Generalizing Consistent Multi-Class Classification with Rejection to be Compatible with Arbitrary Losses

Part of Advances in Neural Information Processing Systems 35 (NeurIPS 2022) Main Conference Track

Bibtex Paper Supplemental

Authors

Yuzhou Cao, Tianchi Cai, Lei Feng, Lihong Gu, Jinjie GU, Bo An, Gang Niu, Masashi Sugiyama

Abstract

\emph{Classification with rejection} (CwR) refrains from making a prediction to avoid critical misclassification when encountering test samples that are difficult to classify. Though previous methods for CwR have been provided with theoretical guarantees, they are only compatible with certain loss functions, making them not flexible enough when the loss needs to be changed with the dataset in practice. In this paper, we derive a novel formulation for CwR that can be equipped with arbitrary loss functions while maintaining the theoretical guarantees.
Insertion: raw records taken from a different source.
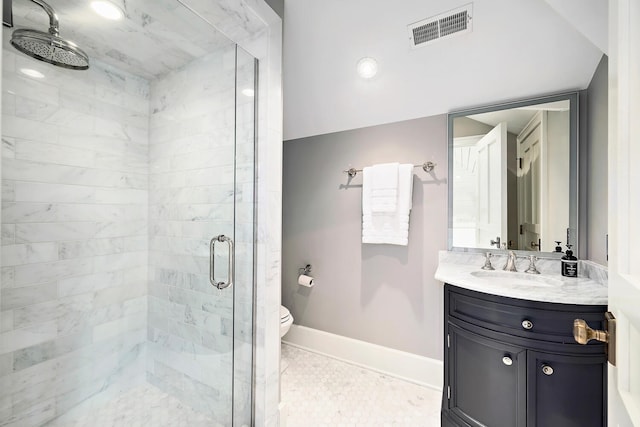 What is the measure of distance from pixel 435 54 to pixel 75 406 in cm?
283

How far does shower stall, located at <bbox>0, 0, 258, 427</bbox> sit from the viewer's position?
1.40 metres

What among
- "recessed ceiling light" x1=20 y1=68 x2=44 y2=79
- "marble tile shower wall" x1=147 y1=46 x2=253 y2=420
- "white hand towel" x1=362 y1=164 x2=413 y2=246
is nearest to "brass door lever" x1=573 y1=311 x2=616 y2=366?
"marble tile shower wall" x1=147 y1=46 x2=253 y2=420

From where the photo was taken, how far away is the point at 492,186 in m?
1.94

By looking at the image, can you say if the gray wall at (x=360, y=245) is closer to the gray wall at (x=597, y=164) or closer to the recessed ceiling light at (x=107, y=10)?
the gray wall at (x=597, y=164)

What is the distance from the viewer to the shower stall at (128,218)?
1397 mm

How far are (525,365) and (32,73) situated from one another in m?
2.64

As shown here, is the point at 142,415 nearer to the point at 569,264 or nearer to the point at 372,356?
the point at 372,356

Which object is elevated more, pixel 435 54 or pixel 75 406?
pixel 435 54

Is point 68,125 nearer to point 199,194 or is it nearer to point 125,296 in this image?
point 199,194

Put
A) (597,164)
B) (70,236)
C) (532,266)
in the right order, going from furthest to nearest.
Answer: (532,266) → (70,236) → (597,164)

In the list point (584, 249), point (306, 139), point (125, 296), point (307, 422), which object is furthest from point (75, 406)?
point (584, 249)

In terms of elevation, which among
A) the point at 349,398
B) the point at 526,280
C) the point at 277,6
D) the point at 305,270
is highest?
the point at 277,6

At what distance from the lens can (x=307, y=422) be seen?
5.44ft

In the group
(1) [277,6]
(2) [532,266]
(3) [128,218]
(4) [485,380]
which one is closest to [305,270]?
(3) [128,218] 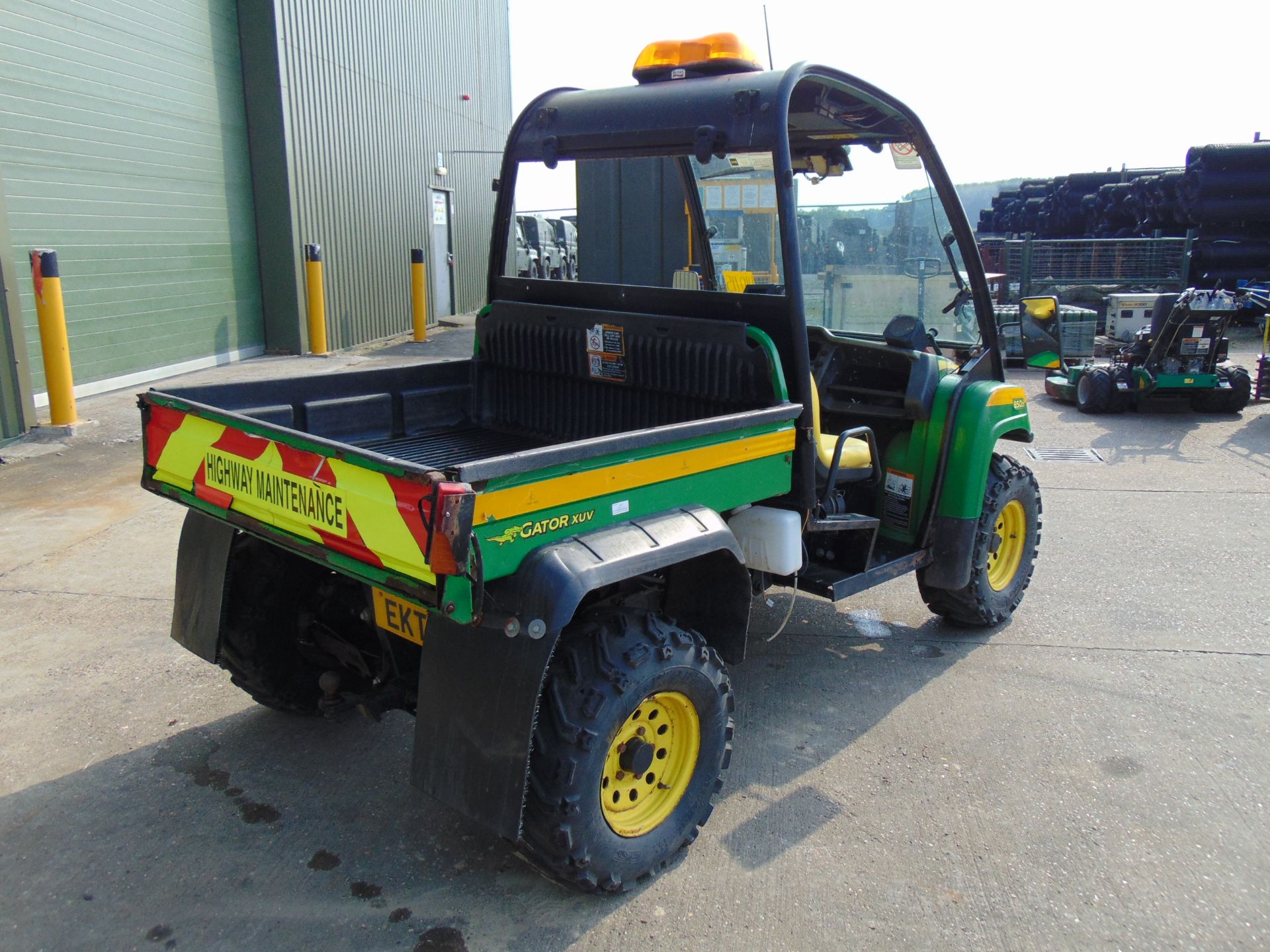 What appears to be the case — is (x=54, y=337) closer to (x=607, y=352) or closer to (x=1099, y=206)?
(x=607, y=352)

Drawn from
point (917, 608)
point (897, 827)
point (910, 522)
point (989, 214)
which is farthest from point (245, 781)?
point (989, 214)

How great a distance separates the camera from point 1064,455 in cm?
878

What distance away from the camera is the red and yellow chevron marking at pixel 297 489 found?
253cm

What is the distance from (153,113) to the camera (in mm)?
10508

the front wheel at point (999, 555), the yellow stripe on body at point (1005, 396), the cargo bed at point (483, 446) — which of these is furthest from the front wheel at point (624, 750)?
the yellow stripe on body at point (1005, 396)

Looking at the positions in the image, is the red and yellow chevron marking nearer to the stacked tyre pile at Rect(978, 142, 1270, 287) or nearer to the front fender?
the front fender

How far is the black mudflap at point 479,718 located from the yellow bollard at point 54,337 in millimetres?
6777

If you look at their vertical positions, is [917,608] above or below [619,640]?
below

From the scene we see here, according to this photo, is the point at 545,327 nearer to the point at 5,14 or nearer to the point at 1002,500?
the point at 1002,500

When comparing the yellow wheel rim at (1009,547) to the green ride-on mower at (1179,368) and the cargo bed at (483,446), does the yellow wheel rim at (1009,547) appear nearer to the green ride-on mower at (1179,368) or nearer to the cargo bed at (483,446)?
the cargo bed at (483,446)

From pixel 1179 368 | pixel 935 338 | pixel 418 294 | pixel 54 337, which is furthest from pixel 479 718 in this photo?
pixel 418 294

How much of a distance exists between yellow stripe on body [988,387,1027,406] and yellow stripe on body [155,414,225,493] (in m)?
3.07

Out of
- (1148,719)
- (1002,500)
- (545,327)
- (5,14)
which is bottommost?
(1148,719)

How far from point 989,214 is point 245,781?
75.5 ft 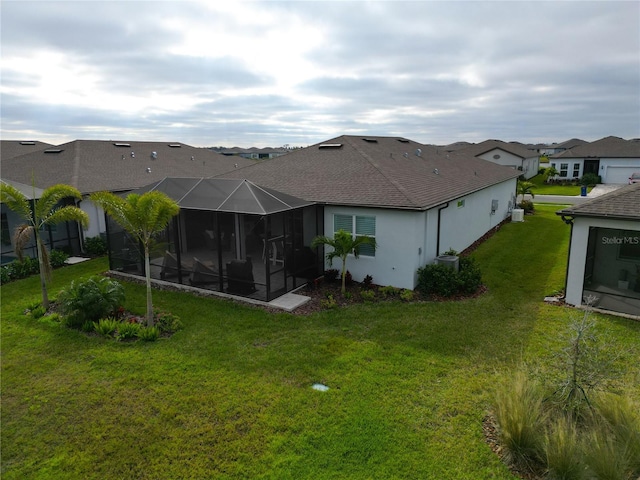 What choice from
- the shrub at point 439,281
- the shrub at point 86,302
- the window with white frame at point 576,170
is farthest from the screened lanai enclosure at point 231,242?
the window with white frame at point 576,170

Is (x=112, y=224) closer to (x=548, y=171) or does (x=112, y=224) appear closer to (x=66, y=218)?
(x=66, y=218)

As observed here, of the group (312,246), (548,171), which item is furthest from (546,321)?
(548,171)

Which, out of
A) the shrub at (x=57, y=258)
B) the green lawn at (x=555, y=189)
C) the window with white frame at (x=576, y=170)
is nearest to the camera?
the shrub at (x=57, y=258)

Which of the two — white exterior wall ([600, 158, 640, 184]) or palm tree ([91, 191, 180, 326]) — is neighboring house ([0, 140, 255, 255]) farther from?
white exterior wall ([600, 158, 640, 184])

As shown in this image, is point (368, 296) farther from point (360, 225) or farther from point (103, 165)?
point (103, 165)

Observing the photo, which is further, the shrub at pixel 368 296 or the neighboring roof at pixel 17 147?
the neighboring roof at pixel 17 147

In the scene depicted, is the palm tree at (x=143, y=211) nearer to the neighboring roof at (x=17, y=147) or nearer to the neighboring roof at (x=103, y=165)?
the neighboring roof at (x=103, y=165)

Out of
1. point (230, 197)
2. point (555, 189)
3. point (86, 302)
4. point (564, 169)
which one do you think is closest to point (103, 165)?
point (230, 197)

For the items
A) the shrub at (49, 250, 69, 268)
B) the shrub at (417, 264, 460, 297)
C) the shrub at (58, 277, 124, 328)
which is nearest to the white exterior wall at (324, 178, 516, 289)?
the shrub at (417, 264, 460, 297) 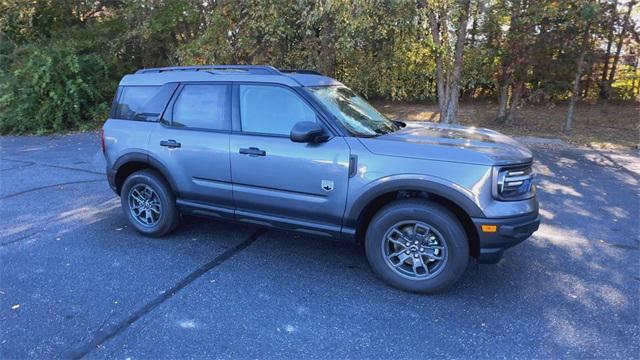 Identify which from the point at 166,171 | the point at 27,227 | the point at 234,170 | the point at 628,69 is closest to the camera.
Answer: the point at 234,170

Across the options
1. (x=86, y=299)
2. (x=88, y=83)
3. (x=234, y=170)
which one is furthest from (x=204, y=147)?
(x=88, y=83)

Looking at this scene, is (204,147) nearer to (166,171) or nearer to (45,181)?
(166,171)

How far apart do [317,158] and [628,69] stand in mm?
12705

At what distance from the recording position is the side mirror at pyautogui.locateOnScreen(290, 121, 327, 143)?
3.55 metres

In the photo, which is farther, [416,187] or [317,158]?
[317,158]

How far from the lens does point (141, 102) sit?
4.64 meters

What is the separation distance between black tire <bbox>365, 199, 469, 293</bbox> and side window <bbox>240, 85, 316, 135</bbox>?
1086 mm

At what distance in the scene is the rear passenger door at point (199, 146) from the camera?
414 cm

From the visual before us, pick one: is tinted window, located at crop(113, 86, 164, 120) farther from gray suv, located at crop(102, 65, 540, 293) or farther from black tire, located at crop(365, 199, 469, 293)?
black tire, located at crop(365, 199, 469, 293)

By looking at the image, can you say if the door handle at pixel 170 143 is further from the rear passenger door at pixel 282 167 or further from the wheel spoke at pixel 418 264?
the wheel spoke at pixel 418 264

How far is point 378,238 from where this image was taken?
3.56 meters

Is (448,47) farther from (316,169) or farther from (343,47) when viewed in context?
(316,169)

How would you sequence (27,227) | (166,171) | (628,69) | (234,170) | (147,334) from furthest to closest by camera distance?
(628,69), (27,227), (166,171), (234,170), (147,334)

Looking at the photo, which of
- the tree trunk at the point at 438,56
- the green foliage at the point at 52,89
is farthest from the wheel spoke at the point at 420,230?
the green foliage at the point at 52,89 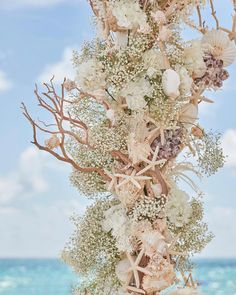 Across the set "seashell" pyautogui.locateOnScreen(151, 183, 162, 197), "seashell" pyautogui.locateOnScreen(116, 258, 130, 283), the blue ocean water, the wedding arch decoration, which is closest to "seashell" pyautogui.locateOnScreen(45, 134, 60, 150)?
the wedding arch decoration

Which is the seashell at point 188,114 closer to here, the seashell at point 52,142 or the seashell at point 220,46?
the seashell at point 220,46

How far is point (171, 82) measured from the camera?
2.55m

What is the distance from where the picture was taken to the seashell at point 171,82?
101 inches

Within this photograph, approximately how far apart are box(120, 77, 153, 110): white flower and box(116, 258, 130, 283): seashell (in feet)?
2.13

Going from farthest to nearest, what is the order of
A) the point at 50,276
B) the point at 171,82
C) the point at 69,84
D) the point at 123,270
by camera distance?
the point at 50,276, the point at 69,84, the point at 123,270, the point at 171,82

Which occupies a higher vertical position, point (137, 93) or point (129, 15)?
point (129, 15)

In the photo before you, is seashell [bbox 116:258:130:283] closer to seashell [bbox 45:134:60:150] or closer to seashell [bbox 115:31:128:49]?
seashell [bbox 45:134:60:150]

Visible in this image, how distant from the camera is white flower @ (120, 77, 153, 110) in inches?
102

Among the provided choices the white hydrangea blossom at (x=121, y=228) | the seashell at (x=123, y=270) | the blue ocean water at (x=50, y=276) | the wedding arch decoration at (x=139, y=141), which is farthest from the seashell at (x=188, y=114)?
the blue ocean water at (x=50, y=276)

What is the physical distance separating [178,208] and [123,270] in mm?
350

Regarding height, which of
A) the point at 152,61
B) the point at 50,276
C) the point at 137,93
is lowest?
the point at 137,93

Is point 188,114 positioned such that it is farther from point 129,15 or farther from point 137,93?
point 129,15

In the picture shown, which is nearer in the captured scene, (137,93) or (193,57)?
(137,93)

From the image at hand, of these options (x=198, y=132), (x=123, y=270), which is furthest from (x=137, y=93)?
(x=123, y=270) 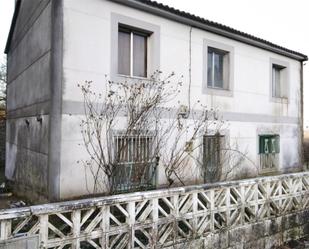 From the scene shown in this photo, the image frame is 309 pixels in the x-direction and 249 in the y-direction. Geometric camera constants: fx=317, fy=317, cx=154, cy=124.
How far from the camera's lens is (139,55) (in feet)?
28.6

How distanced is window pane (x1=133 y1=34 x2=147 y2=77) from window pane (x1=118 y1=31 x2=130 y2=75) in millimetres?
223

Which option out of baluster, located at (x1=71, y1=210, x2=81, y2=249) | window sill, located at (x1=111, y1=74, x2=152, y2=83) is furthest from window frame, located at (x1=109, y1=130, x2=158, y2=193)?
baluster, located at (x1=71, y1=210, x2=81, y2=249)

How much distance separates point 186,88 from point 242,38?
3.23 metres

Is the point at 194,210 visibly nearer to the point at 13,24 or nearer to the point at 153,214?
the point at 153,214

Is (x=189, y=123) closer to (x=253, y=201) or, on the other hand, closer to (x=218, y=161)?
(x=218, y=161)

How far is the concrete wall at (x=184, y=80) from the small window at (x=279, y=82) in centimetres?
31

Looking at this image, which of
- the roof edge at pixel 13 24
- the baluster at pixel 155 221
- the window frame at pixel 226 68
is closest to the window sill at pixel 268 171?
the window frame at pixel 226 68

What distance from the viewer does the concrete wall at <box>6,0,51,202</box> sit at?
768 centimetres

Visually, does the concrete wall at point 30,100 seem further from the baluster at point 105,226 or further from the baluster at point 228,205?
the baluster at point 228,205

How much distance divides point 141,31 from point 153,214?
5.22 meters

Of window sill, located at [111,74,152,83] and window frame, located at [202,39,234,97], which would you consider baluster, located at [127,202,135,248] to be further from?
window frame, located at [202,39,234,97]

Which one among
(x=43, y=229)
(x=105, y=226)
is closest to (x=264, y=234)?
(x=105, y=226)

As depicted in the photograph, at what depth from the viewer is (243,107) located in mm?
11266

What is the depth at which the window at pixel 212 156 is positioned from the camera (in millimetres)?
10008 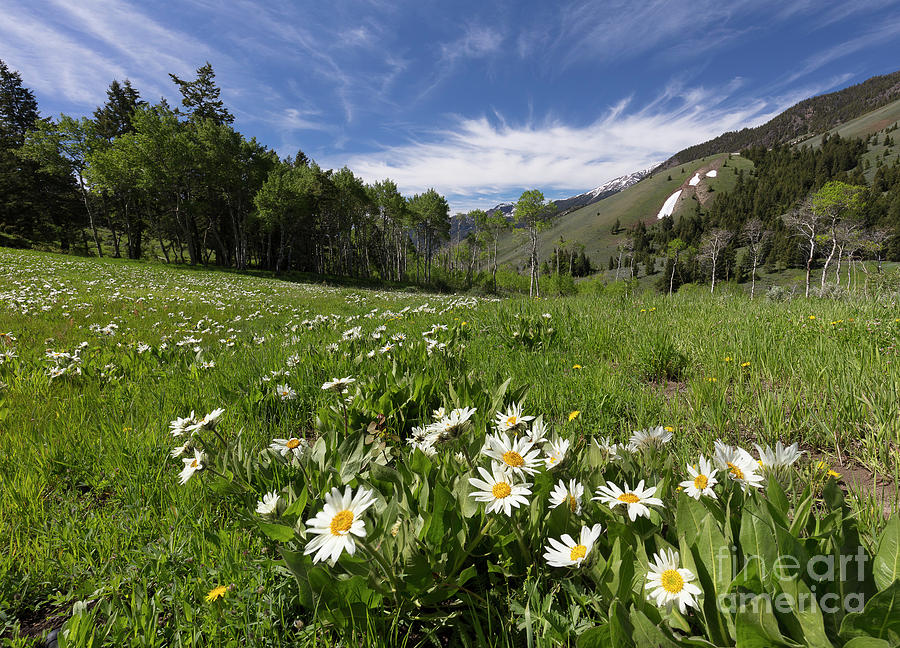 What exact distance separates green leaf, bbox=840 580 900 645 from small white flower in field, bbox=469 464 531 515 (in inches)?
29.9

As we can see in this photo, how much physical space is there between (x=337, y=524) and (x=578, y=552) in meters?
0.76

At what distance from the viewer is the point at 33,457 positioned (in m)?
2.27

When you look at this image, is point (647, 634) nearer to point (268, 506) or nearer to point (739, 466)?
point (739, 466)

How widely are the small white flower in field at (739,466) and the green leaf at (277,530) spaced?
5.33ft

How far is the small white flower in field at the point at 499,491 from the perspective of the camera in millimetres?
1221

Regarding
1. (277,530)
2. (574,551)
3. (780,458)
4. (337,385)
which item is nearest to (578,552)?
(574,551)

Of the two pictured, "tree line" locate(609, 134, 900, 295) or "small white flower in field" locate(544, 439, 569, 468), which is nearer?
"small white flower in field" locate(544, 439, 569, 468)

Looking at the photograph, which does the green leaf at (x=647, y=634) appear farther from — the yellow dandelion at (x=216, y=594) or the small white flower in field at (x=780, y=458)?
the yellow dandelion at (x=216, y=594)

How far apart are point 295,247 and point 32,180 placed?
28.9 m

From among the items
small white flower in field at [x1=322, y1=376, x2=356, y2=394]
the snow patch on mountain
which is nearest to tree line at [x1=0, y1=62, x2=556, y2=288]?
small white flower in field at [x1=322, y1=376, x2=356, y2=394]

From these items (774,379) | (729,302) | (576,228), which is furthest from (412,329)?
(576,228)

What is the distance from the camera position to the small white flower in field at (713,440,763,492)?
1285mm

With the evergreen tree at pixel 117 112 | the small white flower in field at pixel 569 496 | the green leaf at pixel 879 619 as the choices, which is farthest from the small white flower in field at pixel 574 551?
the evergreen tree at pixel 117 112

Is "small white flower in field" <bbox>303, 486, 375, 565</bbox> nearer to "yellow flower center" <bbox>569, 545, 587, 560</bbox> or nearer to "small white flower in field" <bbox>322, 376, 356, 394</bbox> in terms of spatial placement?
"yellow flower center" <bbox>569, 545, 587, 560</bbox> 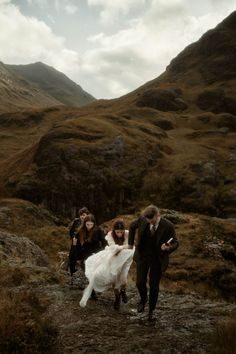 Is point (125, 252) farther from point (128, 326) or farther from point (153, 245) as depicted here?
point (128, 326)

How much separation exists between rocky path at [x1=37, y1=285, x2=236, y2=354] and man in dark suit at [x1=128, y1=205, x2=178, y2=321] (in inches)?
30.9

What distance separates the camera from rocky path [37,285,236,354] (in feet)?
31.3

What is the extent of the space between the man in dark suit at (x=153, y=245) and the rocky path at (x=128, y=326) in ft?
2.58

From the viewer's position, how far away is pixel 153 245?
1070cm

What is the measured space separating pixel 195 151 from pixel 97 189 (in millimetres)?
25348

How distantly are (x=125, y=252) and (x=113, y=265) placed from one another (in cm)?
48

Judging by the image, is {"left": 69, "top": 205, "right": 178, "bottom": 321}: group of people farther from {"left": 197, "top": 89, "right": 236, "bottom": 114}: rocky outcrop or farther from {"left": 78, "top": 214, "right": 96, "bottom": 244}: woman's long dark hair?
{"left": 197, "top": 89, "right": 236, "bottom": 114}: rocky outcrop

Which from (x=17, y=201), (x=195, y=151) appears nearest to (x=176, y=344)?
(x=17, y=201)

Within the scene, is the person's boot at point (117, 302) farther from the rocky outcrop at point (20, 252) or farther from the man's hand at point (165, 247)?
the rocky outcrop at point (20, 252)

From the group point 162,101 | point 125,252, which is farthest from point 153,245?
point 162,101

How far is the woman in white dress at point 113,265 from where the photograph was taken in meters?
12.0

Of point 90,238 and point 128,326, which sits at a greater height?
point 90,238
First, we show that $K$-class CwR is equivalent to a $(K\!+\!1)$-class classification problem on the original data distribution with an augmented class, and propose an empirical risk minimization formulation to solve this problem with an estimation error bound. Then, we find necessary and sufficient conditions for the learning \emph{consistency} of the surrogates constructed on our proposed formulation equipped with any classification-calibrated multi-class losses, where consistency means the surrogate risk minimization implies the target risk minimization for CwR. Finally, experiments on benchmark datasets validate the effectiveness of our proposed method.